Program Affiliations

Center of Excellence

Biography

Professor Arnab Pain’s research focuses on the uses of a combination of high-throughput sequencing, comparative and functional genomics, and bioinformatic tools to study natural population diversity and pathogenicity determinants in parasitic protists, bacteria, and fungi, and, more recently, viruses that are of major relevance to human and animal health. He received his Ph.D. from the University of Cambridge, U.K., and postdoctoral training at the Weatherall Institute of Molecular Medicine in Oxford, U.K. Before joining KAUST in 2010, he was based at Wellcome Trust Sanger Institute in Cambridge, U.K., where he focused on several comparative genomics projects of major parasitic and fungal pathogens of humans and animals.

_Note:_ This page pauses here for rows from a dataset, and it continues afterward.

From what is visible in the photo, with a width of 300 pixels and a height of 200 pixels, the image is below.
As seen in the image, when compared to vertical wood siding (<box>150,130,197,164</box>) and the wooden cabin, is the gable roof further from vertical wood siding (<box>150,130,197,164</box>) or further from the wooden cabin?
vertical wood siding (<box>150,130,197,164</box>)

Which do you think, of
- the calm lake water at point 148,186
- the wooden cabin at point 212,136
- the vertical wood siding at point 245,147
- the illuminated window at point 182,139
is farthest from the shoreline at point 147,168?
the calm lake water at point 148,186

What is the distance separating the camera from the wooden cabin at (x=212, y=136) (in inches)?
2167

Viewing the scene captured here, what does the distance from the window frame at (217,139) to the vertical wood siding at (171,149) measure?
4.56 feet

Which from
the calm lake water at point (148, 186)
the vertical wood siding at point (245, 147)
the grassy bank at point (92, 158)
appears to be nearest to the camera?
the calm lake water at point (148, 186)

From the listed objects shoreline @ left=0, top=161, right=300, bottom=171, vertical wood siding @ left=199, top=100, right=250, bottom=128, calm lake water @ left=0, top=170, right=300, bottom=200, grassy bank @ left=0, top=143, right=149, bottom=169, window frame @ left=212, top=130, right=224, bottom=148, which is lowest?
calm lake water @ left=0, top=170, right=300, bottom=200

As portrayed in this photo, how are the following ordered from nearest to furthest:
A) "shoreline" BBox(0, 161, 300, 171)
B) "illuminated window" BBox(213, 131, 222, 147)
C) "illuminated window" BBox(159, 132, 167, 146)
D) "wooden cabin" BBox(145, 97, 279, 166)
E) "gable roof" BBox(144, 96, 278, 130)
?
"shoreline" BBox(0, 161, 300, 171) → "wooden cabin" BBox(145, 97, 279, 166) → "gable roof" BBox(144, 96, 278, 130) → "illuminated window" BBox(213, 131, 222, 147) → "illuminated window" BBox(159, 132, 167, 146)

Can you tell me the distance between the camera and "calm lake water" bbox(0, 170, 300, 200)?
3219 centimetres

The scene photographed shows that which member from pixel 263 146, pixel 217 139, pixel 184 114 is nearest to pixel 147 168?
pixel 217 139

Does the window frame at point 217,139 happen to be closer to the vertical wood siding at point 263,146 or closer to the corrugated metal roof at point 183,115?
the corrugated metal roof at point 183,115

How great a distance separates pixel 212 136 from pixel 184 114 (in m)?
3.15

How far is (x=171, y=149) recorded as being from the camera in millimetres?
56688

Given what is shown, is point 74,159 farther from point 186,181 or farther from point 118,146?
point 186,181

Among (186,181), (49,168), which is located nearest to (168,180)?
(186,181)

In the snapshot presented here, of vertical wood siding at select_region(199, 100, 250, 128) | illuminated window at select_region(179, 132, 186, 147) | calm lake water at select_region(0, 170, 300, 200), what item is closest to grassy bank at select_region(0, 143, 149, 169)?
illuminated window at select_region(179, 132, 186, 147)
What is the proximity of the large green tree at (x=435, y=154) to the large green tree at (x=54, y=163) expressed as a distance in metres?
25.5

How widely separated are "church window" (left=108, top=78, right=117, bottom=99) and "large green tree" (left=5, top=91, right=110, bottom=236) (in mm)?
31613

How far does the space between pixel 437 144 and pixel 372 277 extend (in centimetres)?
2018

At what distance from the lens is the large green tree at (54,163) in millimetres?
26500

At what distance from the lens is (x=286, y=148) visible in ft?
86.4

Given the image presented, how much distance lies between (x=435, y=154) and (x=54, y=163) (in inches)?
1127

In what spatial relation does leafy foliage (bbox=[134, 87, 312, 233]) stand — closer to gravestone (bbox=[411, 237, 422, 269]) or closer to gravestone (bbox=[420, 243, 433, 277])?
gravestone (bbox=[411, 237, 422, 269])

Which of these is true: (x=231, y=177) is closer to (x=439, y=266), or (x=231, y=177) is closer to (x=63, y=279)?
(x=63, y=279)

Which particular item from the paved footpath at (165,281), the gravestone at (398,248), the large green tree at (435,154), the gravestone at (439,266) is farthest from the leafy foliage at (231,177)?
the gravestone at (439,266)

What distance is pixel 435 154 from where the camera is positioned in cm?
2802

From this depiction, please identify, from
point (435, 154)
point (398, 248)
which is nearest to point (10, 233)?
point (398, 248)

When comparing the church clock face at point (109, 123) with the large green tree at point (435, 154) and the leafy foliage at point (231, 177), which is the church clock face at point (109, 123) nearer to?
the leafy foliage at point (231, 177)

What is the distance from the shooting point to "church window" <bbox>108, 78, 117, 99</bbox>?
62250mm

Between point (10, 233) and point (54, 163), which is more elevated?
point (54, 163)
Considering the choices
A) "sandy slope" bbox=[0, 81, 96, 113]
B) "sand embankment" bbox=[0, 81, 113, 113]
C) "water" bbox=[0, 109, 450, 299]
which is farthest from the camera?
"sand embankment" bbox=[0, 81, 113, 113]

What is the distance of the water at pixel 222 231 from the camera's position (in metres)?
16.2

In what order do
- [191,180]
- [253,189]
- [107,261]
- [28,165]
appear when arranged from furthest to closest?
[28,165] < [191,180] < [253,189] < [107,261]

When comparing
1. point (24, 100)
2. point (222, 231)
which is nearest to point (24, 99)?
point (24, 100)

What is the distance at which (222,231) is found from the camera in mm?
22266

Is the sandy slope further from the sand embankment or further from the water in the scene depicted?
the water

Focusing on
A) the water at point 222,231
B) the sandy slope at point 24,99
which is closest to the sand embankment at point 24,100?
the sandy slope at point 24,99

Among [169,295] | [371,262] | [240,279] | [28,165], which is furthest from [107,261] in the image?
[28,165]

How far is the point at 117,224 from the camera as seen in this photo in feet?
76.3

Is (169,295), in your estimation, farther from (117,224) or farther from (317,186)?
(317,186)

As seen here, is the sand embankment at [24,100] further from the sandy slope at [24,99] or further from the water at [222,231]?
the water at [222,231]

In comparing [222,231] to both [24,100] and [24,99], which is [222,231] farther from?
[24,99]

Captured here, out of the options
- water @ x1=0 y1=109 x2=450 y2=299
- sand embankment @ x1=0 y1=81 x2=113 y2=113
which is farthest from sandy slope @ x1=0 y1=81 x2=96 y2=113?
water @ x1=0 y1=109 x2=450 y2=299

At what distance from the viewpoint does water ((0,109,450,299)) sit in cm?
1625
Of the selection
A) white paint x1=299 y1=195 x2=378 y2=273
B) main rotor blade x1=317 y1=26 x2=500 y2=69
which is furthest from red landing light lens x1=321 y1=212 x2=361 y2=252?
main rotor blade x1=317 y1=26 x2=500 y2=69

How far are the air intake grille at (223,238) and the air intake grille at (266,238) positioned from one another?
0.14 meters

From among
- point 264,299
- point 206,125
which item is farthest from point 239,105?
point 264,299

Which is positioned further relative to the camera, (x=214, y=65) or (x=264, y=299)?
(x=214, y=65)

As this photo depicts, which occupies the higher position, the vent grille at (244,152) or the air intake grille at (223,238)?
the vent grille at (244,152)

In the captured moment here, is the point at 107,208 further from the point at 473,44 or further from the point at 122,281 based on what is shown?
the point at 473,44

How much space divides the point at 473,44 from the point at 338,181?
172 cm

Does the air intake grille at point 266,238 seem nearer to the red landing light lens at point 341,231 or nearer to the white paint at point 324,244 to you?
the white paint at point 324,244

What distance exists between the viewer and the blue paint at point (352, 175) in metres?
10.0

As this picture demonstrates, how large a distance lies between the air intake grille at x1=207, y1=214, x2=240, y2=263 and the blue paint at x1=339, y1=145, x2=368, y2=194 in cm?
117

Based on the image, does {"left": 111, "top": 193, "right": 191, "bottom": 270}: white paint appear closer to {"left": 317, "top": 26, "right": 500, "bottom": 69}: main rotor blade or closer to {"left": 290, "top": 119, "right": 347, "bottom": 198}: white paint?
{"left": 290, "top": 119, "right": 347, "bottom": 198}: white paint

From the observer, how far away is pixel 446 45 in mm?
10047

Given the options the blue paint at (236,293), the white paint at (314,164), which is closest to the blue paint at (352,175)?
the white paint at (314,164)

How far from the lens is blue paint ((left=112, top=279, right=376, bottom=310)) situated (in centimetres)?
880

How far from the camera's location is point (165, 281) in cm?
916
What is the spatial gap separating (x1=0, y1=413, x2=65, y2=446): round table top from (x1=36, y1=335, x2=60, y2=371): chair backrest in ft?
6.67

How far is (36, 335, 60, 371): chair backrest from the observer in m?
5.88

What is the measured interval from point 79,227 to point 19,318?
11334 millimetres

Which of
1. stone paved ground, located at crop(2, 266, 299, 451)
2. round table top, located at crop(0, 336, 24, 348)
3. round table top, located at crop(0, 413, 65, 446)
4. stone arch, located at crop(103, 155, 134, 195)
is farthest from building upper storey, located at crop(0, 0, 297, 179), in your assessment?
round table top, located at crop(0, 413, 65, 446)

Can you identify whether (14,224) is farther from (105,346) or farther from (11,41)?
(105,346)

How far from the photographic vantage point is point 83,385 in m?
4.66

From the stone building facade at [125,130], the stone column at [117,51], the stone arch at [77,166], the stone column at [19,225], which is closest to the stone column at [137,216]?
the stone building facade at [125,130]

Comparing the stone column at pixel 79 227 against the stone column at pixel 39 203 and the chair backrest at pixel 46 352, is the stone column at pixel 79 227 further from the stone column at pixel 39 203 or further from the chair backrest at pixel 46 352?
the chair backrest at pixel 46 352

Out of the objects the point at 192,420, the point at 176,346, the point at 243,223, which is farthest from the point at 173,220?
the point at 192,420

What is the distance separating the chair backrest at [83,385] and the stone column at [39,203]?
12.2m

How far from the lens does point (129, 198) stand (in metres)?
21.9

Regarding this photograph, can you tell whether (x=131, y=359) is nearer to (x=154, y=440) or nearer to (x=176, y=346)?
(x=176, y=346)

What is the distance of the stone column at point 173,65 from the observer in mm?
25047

Professor Pain is active in numerous professional organizations. Since 2015, he has been appointed as a Distinguished Visiting Professor at the International Institute for Zoonosis Control and the Institute for Vaccine Research and Development at Hokkaido University in Sapporo, Japan. He also held a Visiting Professor of Genomics position (2018-20) at the Nuffield Department of Clinical Laboratory Sciences at the University of Oxford and an Honorary Professorship (2021-24) in the Department of Tropical Disease Biology at the Liverpool School of Tropical Medicine (LSTM) in the U.K. He has co-authored over 200 publications and six IP disclosures. He is a fellow of the Royal Society of Biology (FRSB). 

Research Interests

Professor Pain's group uses a combination of the latest DNA and RNA sequencing, and other omics-based methods coupled with functional genomics, cell biology, and bioinformatics tools to undertake research in the following priority areas: 

  • Comparative genomics and adaptive evolution in Malaria and other Apicomplexan parasites relevant to human and animal health. 

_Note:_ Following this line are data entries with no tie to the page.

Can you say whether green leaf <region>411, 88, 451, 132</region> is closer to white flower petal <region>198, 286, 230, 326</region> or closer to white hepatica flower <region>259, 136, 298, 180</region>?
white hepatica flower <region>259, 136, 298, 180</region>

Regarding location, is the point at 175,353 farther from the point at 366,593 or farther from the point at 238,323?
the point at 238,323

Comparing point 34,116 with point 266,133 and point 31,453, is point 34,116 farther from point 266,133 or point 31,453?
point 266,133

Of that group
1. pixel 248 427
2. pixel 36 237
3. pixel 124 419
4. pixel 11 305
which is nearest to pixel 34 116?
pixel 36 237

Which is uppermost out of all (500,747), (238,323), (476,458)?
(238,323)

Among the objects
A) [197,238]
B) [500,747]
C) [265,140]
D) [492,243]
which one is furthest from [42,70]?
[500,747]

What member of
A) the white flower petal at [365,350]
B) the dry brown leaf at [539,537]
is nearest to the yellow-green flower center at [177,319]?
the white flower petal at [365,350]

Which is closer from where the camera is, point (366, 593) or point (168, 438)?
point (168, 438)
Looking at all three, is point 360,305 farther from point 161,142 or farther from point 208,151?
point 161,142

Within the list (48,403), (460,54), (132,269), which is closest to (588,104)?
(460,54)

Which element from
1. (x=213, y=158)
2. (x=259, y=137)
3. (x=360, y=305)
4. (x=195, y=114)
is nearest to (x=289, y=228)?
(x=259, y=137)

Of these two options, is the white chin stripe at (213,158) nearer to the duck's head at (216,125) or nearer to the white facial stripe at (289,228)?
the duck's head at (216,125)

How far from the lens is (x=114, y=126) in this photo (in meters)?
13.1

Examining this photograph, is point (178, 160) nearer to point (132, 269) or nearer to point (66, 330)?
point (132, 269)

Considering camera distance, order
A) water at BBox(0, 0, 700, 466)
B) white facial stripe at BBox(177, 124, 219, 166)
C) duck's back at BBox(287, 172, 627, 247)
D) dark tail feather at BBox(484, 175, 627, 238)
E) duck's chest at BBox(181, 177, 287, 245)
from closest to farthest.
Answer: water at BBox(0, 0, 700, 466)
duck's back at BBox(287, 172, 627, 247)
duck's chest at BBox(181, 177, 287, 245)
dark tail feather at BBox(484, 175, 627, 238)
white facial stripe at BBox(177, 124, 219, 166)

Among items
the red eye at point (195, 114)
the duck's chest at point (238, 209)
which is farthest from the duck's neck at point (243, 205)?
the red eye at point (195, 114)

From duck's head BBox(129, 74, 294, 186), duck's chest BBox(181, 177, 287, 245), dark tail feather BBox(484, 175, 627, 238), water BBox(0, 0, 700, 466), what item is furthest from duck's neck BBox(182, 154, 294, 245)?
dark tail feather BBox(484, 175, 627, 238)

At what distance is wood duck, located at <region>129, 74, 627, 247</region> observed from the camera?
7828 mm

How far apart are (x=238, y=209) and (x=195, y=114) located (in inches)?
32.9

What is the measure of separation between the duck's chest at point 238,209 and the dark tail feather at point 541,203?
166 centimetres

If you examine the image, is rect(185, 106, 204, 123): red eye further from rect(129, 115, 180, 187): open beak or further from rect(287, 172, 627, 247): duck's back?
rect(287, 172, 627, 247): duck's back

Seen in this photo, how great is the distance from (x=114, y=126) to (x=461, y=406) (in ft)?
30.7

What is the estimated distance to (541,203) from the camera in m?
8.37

  • Pandemic preparedness for early detection and integrated monitoring of emerging and re-emerging pathogens in environmental and clinical samples by metagenomics and metatranscriptomics. 

  • Genomic epidemiology and surveillance of major infectious agents such as coronaviruses, dengue and hospital-acquired infections in Saudi Arabia and the neighboring countries. 

  • Next-generation sequencing-guided diagnosis of pathogens and microbiomes in human health and disease. 

Many of the above studies are conducted in active partnership with several national and international partner organizations. 

Keyword tag icon Infection Biology Pathogen Genomics Host-pathogen Interactions Genome Surveillance NGS

Education Profile

  • Post-doctoral fellow, Weatherall Institute of Molecular Medicine (WIMM), University of Oxford, UK, 2001
  • Ph.D., University of Cambridge, UK, 1996

Awards and Recognitions

  • Distinguished Professorship, Hokkaido University, Japan, 2015 

  • Visiting Professorship of Genomics, University of Oxford, U.K. 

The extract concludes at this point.